WHAT THE TASK ASKS -> Begin your copy at the line with "structure, CAS 149354-13-2" in the records below and end it at the line with "black shoe, side view", restating each line word for word; omit the pictures.

LISTED ENTRIES ->
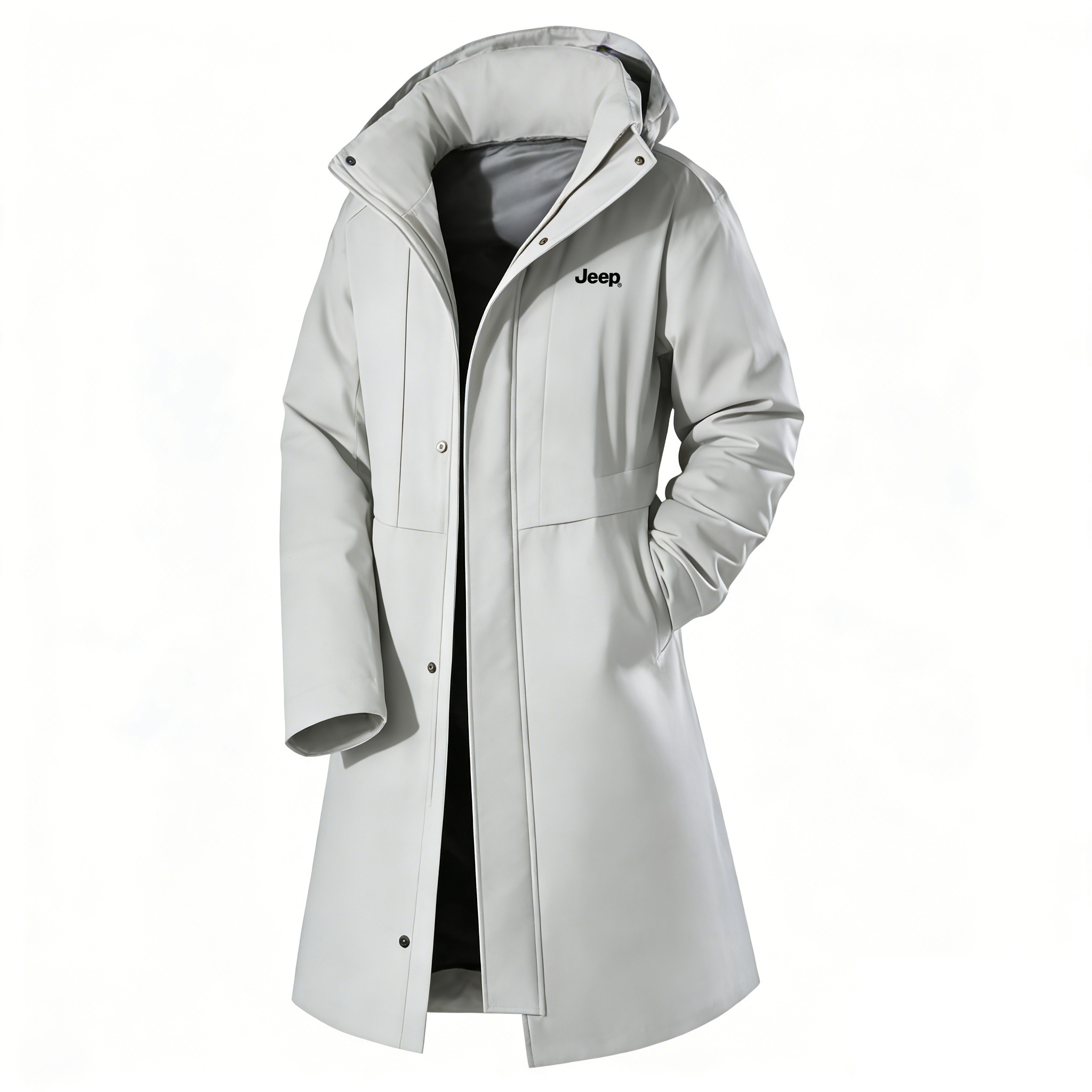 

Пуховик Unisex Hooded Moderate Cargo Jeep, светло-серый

---

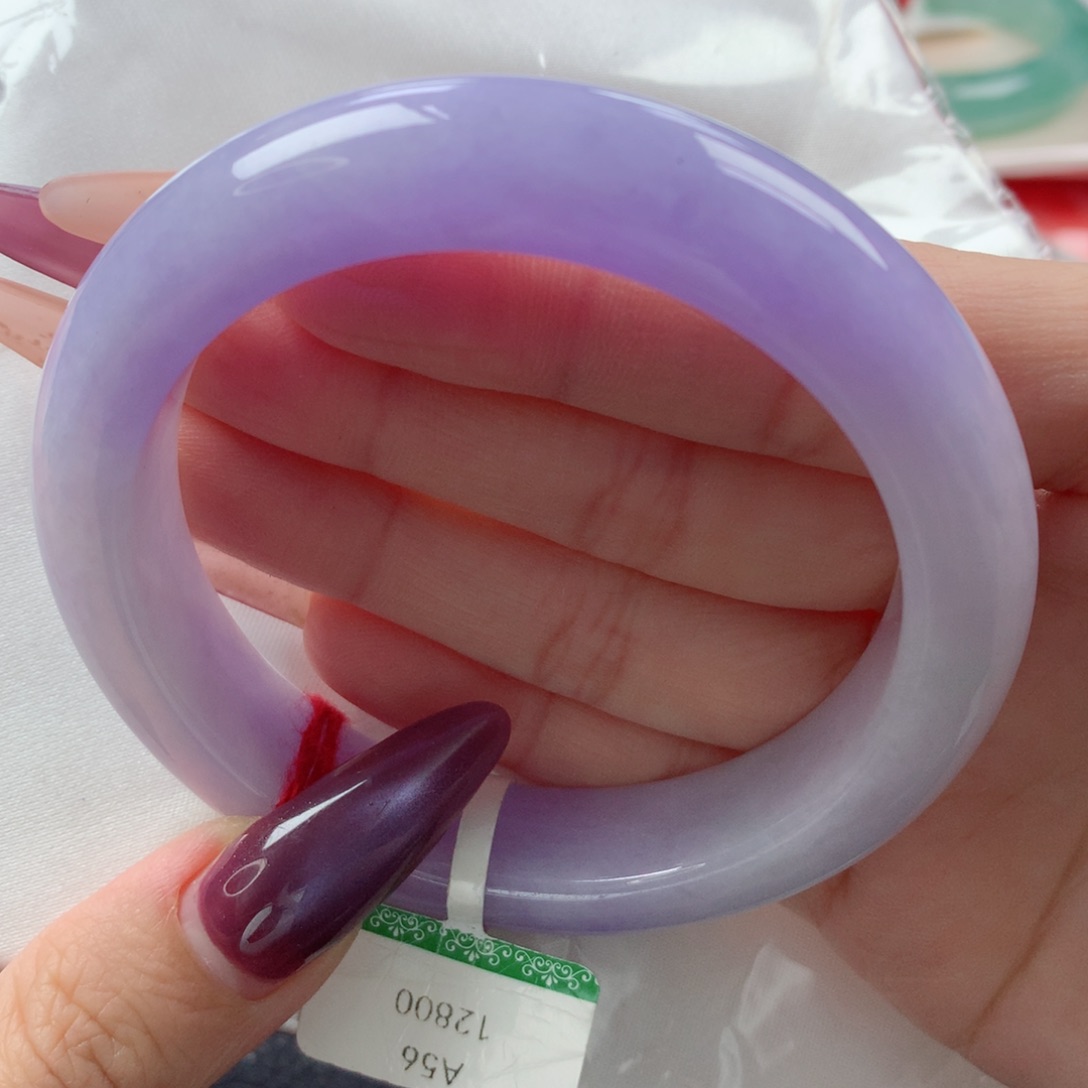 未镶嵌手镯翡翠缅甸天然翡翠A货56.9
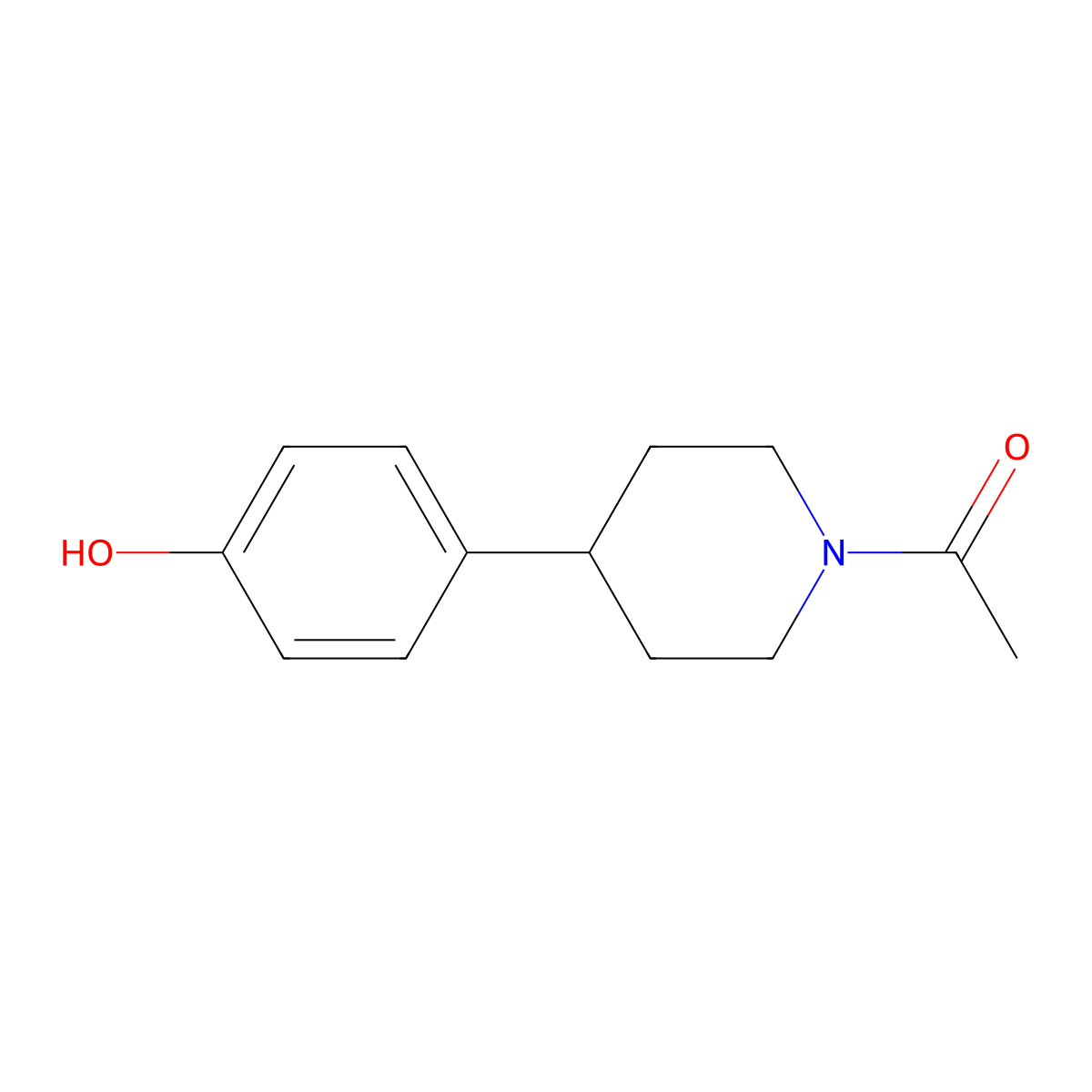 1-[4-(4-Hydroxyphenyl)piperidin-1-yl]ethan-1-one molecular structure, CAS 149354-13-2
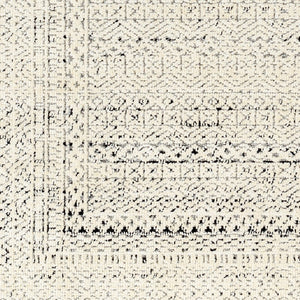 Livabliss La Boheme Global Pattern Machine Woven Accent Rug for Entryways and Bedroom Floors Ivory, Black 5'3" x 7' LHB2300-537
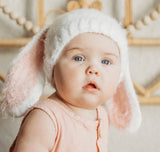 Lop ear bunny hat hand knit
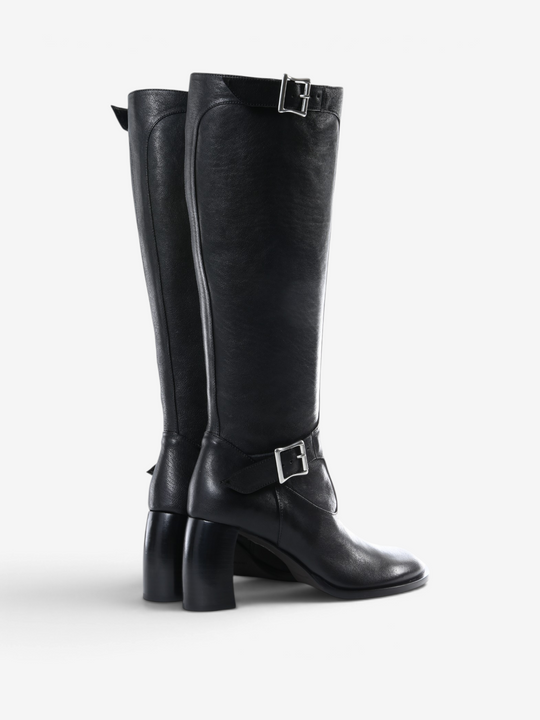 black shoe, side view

EXPECTED OUTPUT ->
 1-[4-(4-Hydroxyphenyl)piperidin-1-yl]ethan-1-one molecular structure, CAS 149354-13-2
 Livabliss La Boheme Global Pattern Machine Woven Accent Rug for Entryways and Bedroom Floors Ivory, Black 5'3" x 7' LHB2300-537
 Lop ear bunny hat hand knit
 black shoe, side view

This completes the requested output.